> Directions for this task: Copy word for word each line from the one that has "Building Photo - 6700 Balboa Blvd" to the last line of the records, with no other lines.

Stored items from a collection
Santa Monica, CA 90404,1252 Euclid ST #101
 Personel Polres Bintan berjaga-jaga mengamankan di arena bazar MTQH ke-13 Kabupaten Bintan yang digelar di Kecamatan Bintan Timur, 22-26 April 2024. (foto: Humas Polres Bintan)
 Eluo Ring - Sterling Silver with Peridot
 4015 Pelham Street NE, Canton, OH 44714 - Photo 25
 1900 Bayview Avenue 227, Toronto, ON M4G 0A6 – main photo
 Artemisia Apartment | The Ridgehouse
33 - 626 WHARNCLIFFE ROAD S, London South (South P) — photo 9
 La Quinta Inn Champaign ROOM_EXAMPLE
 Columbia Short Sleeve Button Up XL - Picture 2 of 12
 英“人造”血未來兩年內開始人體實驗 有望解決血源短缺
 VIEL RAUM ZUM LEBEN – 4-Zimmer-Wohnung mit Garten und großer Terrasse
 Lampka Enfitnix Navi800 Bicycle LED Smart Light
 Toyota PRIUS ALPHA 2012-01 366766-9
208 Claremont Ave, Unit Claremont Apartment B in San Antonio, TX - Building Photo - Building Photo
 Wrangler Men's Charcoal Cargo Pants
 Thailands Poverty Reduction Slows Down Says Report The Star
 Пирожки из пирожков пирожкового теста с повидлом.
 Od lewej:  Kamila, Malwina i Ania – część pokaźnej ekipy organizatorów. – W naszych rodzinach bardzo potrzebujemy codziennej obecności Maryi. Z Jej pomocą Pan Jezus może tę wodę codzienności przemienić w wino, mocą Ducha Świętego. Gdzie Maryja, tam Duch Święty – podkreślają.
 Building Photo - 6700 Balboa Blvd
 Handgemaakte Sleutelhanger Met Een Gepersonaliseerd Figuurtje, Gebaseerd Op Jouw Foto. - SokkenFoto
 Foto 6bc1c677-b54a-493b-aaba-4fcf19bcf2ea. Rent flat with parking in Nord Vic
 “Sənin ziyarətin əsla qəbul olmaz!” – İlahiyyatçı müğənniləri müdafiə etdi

> Written answer:
 Building Photo - 6700 Balboa Blvd
 Handgemaakte Sleutelhanger Met Een Gepersonaliseerd Figuurtje, Gebaseerd Op Jouw Foto. - SokkenFoto
 Foto 6bc1c677-b54a-493b-aaba-4fcf19bcf2ea. Rent flat with parking in Nord Vic
 “Sənin ziyarətin əsla qəbul olmaz!” – İlahiyyatçı müğənniləri müdafiə etdi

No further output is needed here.